Hasselback Garlic Cheesy Bread

Ingredients:

  • 1 cup warm water
  • 1 tablespoon honey
  • 2¼ teaspoons active dry yeast
  • 1 teaspoon salt
  • 3 cups bread flour
  • Olive oil (for greasing surfaces)
  • 1/3 pound sharp white or yellow cheddar (or any other cheese you prefer)
  • Garlic Basil Butter
    • ¼ cup butter (softened)
    • 1 teaspoon basil (freshly chopped)
    • 1 teaspoon garlic (minced)

Directions

Combine garlic butter ingredients in a bowl and mix to combine.

In a large bowl, stir water, honey and yeast together. Let yeast proof 5 minutes. Once you know yeast is active, stir in salt and the flour in ¼ cup increments. If you are using a stand mixer, be sure to not increase your speed higher than a 2 or 'stir'. Once dough starts pulling away from the sides and the bowl seems to be pretty clean, set a timer for 5 minutes and walk away. Let the machine knead the dough. After 5 minutes, dough should be smooth and tacky but when touched shouldn’t leave any dough on your fingers.
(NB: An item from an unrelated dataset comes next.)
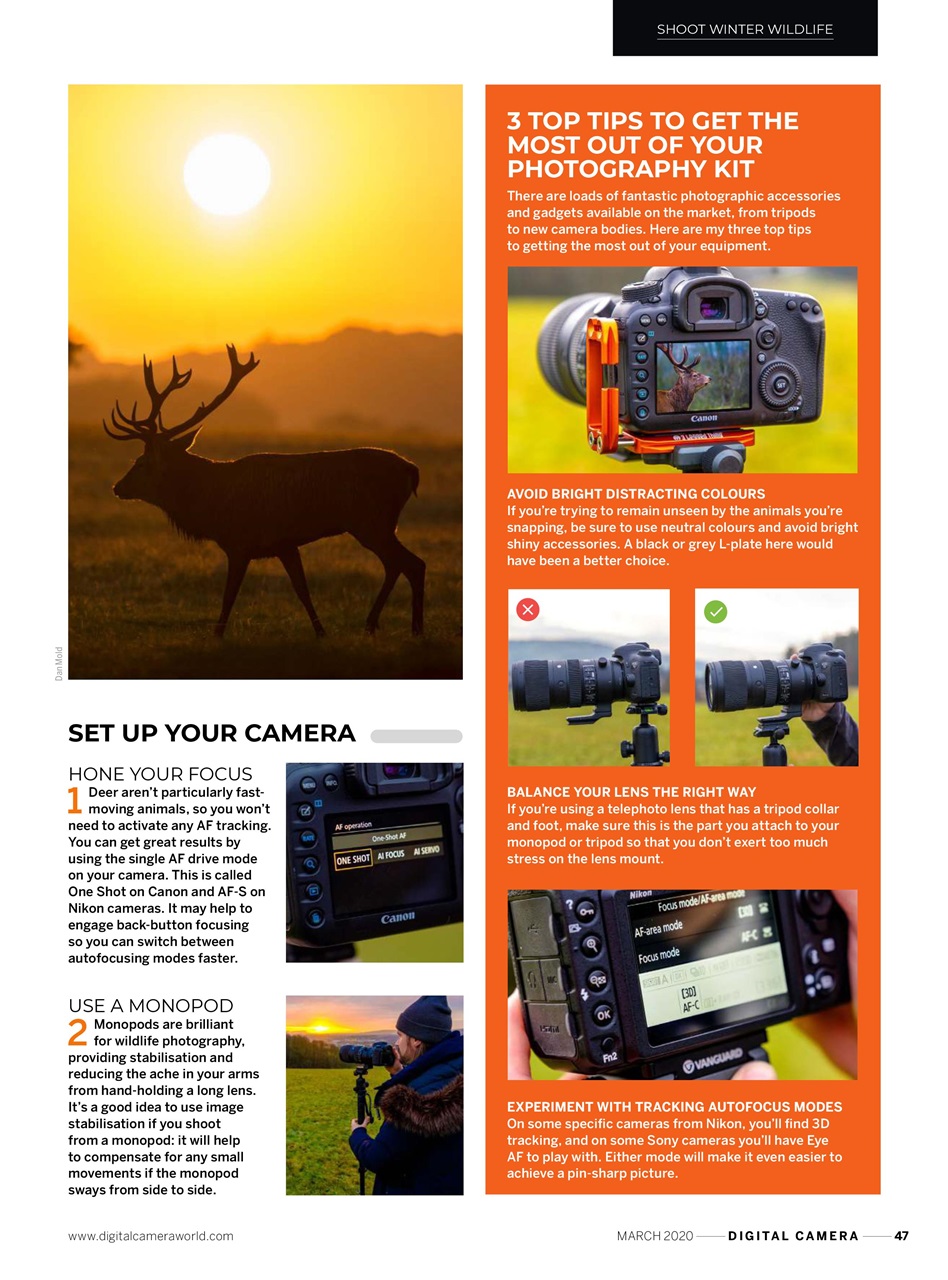 Digital Camera Magazine Preview Pages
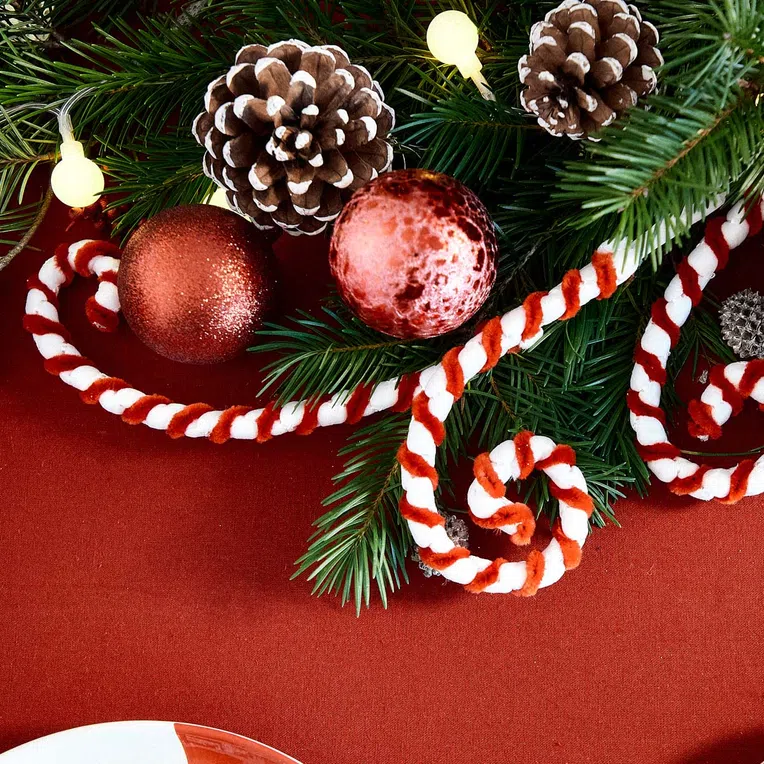 Gałązka AMERI laski cukrowe 66 cm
Grease the bowl and the dough. Cover with plastic wrap or a kitchen towel and let rise 1 hour or until doubled in size.

Punch down dough and cut into two equal portions. Form into two long baguettes the length of the cookie sheet. Cover with plastic wrap and rise 30 minutes. Start to preheat oven to 400° F and place dough close to the oven where it’s warm. Once oven is preheated, remove plastic wrap, from the dough reduce oven to 350° F, put the bread into the oven and bake for 20 minutes.

In the meantime, slice the cheese into thin slices and melt the butter.

Pull loaves of bread out of the oven after 20 minutes and brush with the melted garlic butter. Bake another 5-7 minutes or until bread begins to turn a golden brown. Remove from oven and cool 15 minutes.

Cut 1 inch slices ¾'s of the way through the loaves. Brush garlic basil butter in between each slice and fill with a slice of cheese. Bake another 3-5 minutes or until cheese is completely melted.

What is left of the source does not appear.